Royal Philips (NYSE:PHG) said today new research reports that non-invasive ventilation is a key part of a multi-faceted interventional approach to reduce readmission rates among chronic obstructive pulmonary disease patients.
The study, supported by Philips and published in the Journal of Clinical Sleep Medicine, examined COPD patients hospitalized 2+ times a year who transitioned to patient management programs that included noninvasive positive pressure ventilation, Philips said.
Study results from the 397-patient trial indicated that after switching to patient management programs and receiving NIPPV treatments, readmission rate was reduced by 97% over 12 months, Philips said. Patients in the study received treatment form Philips Respironics Trilogy 100, the company said.
“The results of this are more critical now more than ever, given the industry’s increased focus on the high cost of chronic diseases and the need to reduce the re-hospitalization of COPD patients. The use of Trilogy in this COPD management program is just 1 example of our ability to work with an innovative homecare provider partner to achieve a new kind of COPD care management model that connects and supports the clinician, caregiver, home care provider and the patient at every point along the patient care path,” Philips Respironics vice president Eli Diacopoulos said in prepared remarks.
The cost for COPD patient hospital stays in the U.S. is approximately $29.5 billion, according to Philips, with 30-day readmission rates as high as 22.6%. Readmissions among patients in the trial dropped from 100% in the year before intervention to 2.2% the following year.

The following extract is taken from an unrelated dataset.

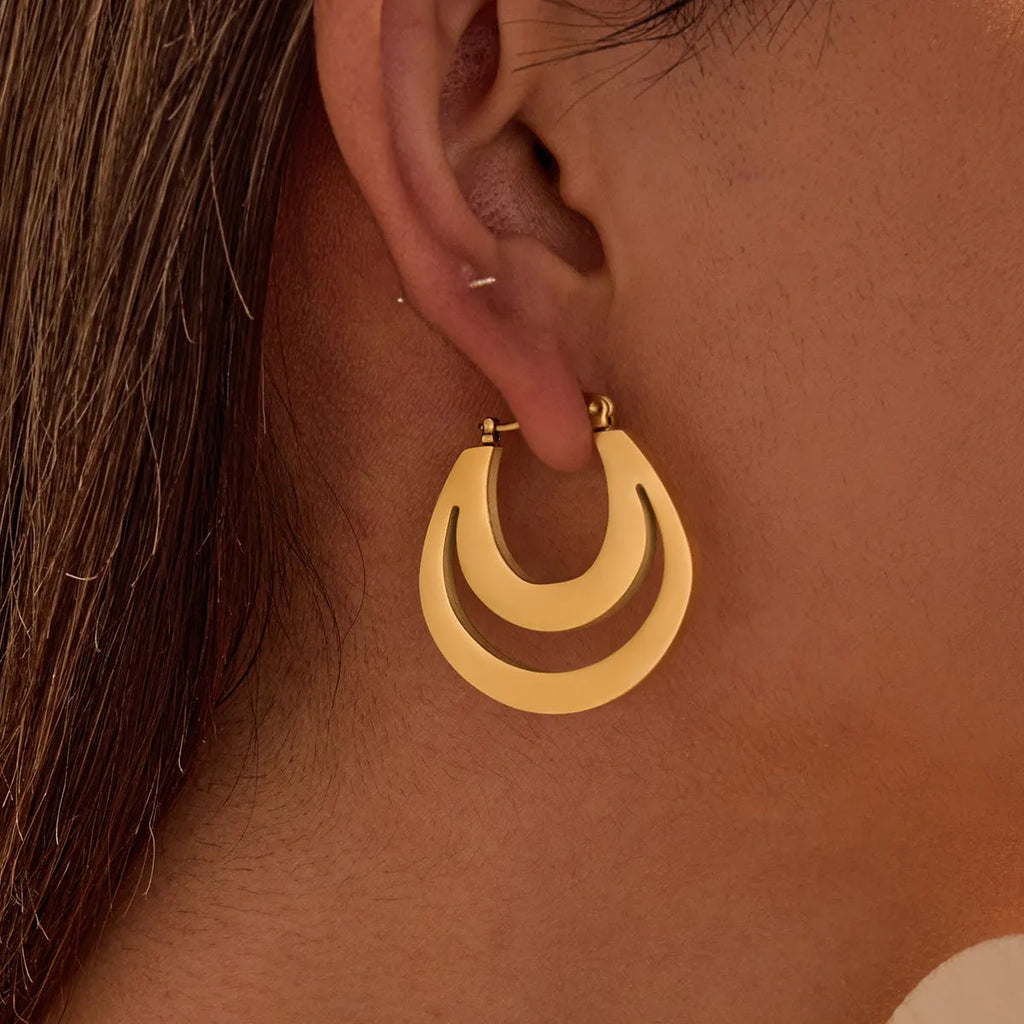 A pair of geometric minimalist French earrings in a round ring design, shown in both gold and steel metallic finishes.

“The results of this study indicate that Philips Trilogy with an advanced mode of ventilation AVAPs-AE therapy – in combination with respiratory therapist-led care, medication reconciliation and adequate provision of oxygen therapy – assisted in stabilizing the respiratory condition of patients with COPD. Such better management of the COPD condition allows health systems to not only significantly reduce readmissions and the associated high costs, but also improve the quality of life for some of its most complex patients,” Barnes Healthcare Services director of ventilation management Amy Day said in a press release.

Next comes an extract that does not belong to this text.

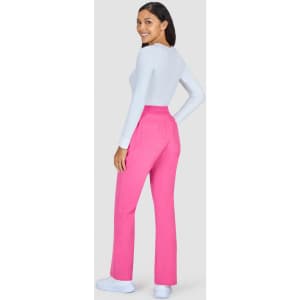 A pair of pink pants displayed on a model, featuring a back view and a white top. The image includes a logo.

In addition to NIPPV treatment, patients in managed treatment received RT-led respiratory care, medication reconciliation, appropriate oxygen therapy initiation, and patient education, according to the study.
“This study holds promise in how a multi-faceted intervention could assist health systems in significantly improving the care of the patients with advanced stage COPD in their home. The results indicate that patients placed on this advanced mode of non-invasive ventilation, combined with an in-home care program, can reduce hospitalizations and subsequently reduce healthcare utilization. This study is a good foundation to build from and to further validate,” Dr. Sairam Parthasarathy of the University Medical Center Tucson said in a prepared statement.